**Records supplied:**
______
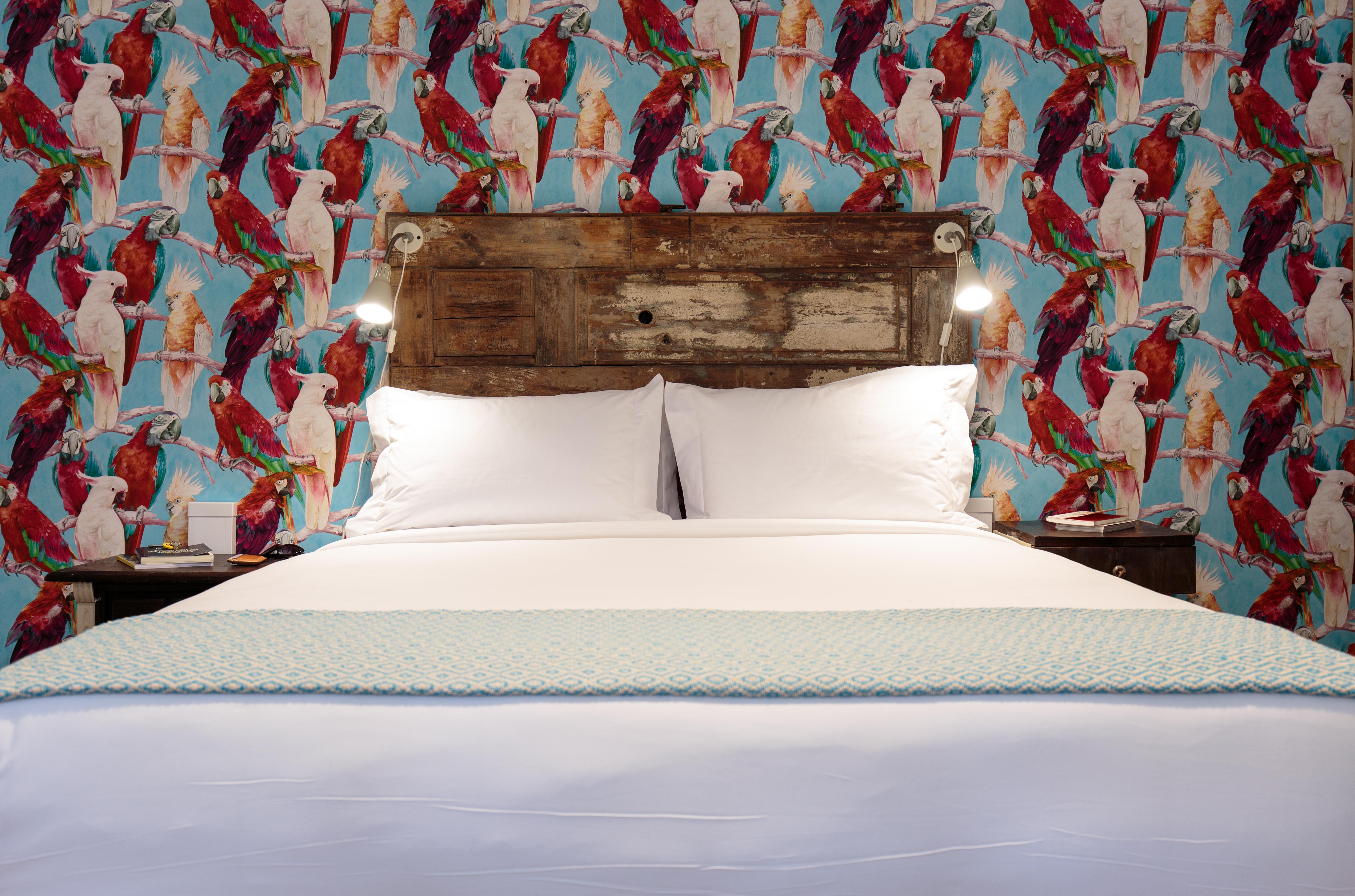 The Indy House - & Bed & Breakfast 3*
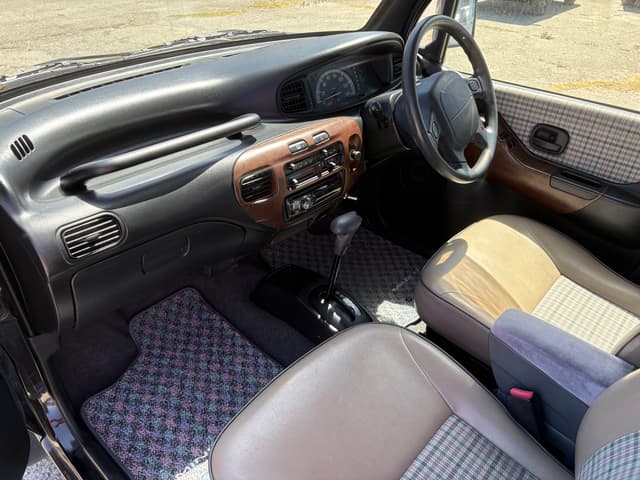 1997 Mitsubishi Toppo JDM car for sale — photo 20 of 25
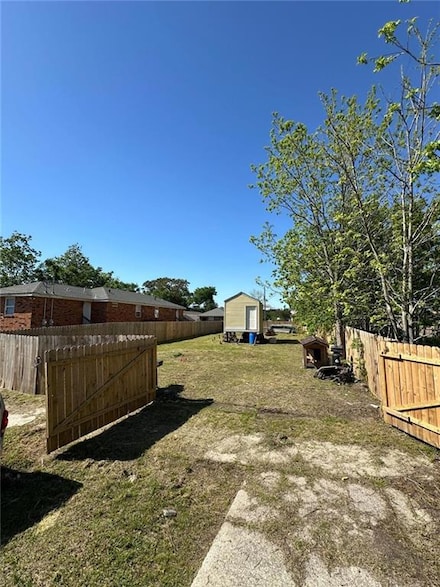 2751 Bay St, New Orleans, LA 70122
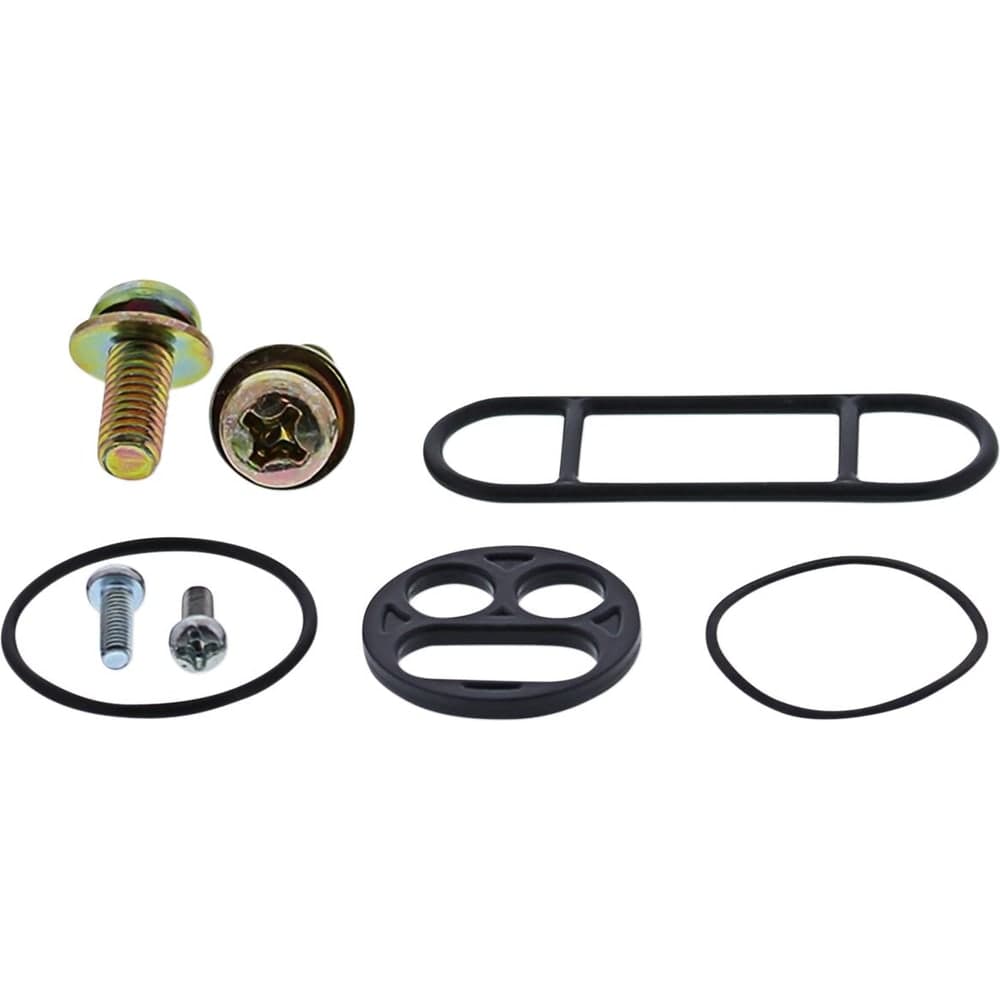 Moose Racing Rebuild Kit Petcock Suzuki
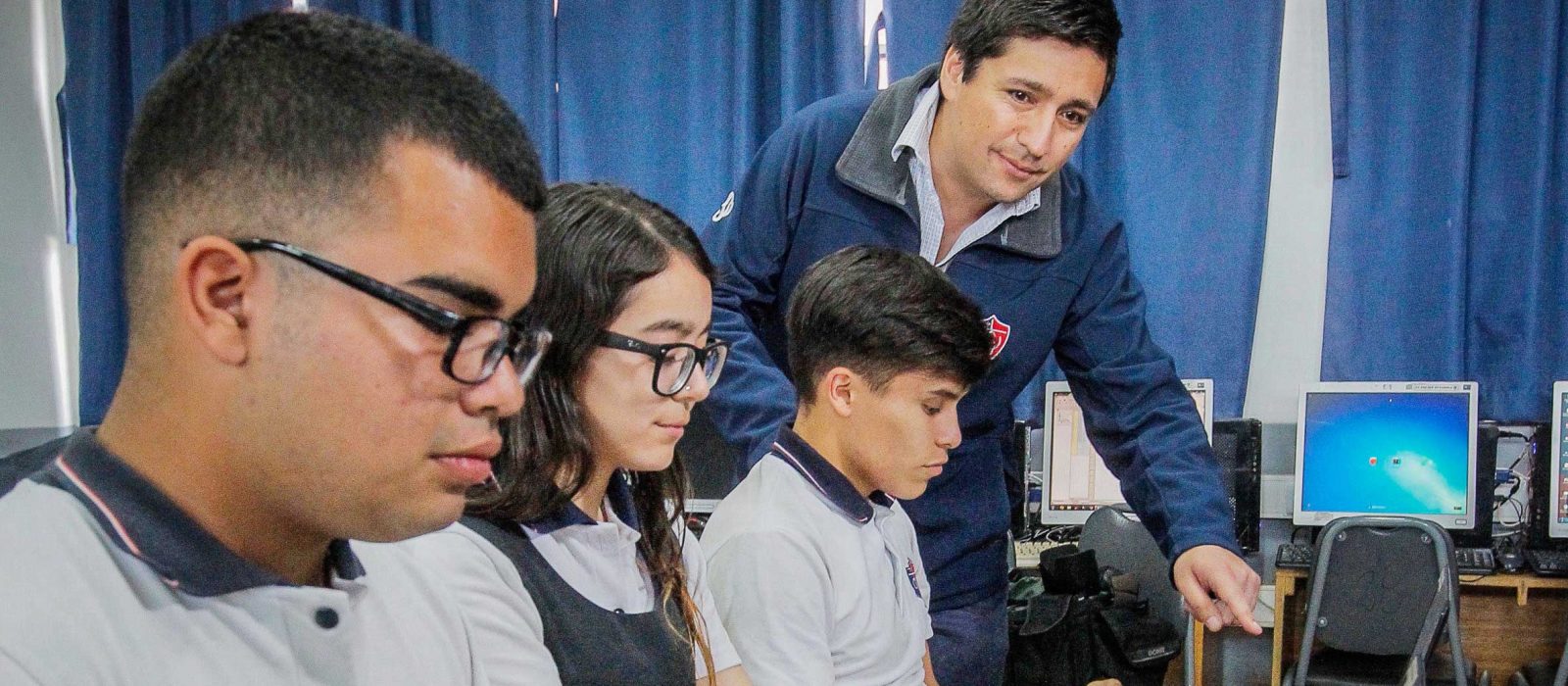 Las tecnologías impactan el aprendizaje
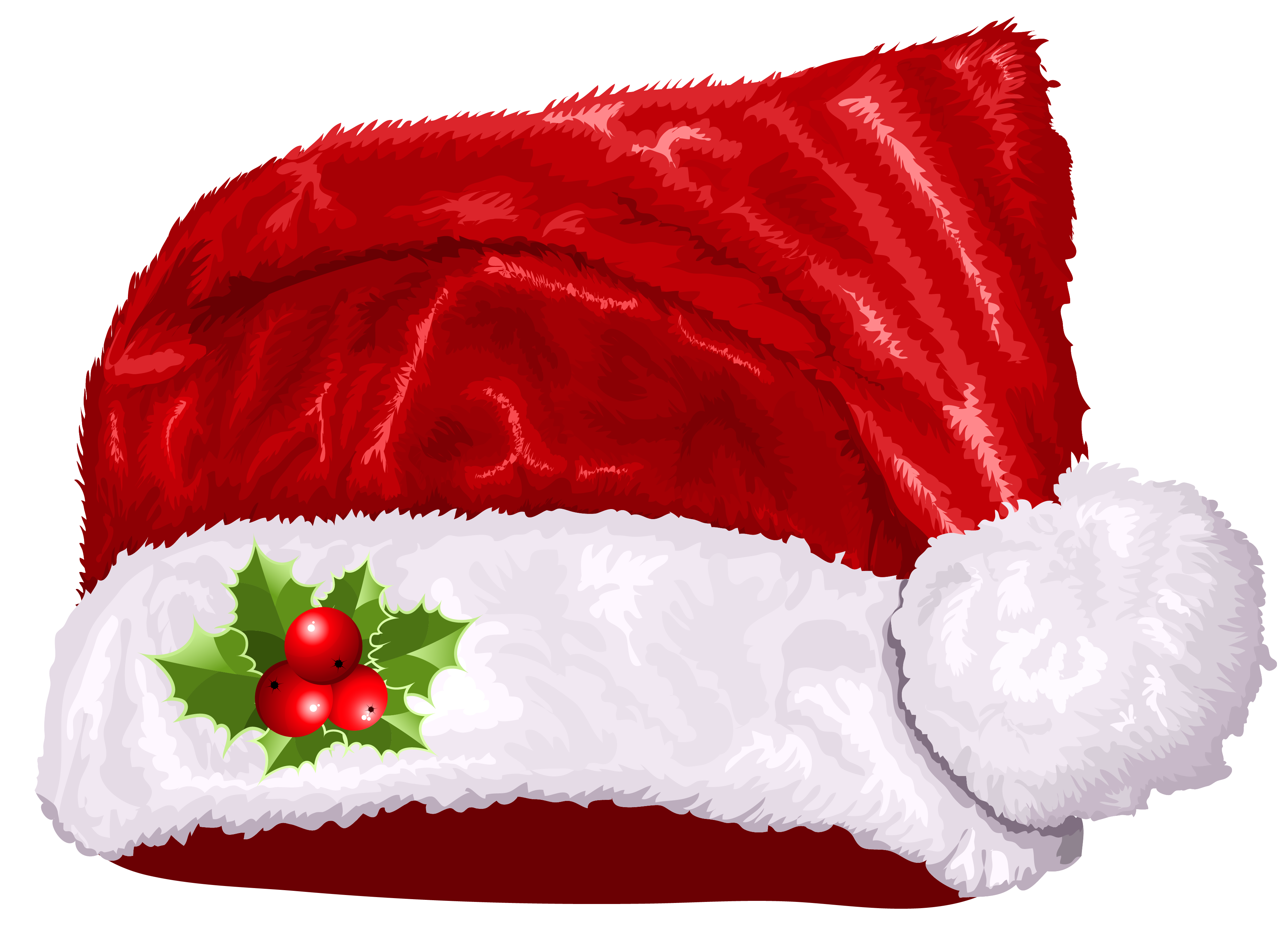 Christmas Hat Free Download Png PNG Image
______
**Work order:** The answer consists of the records repeated exactly, without any images.

**Result for this task:**
 The Indy House - & Bed & Breakfast 3*
 1997 Mitsubishi Toppo JDM car for sale — photo 20 of 25
 2751 Bay St, New Orleans, LA 70122
 Moose Racing Rebuild Kit Petcock Suzuki
 Las tecnologías impactan el aprendizaje
 Christmas Hat Free Download Png PNG Image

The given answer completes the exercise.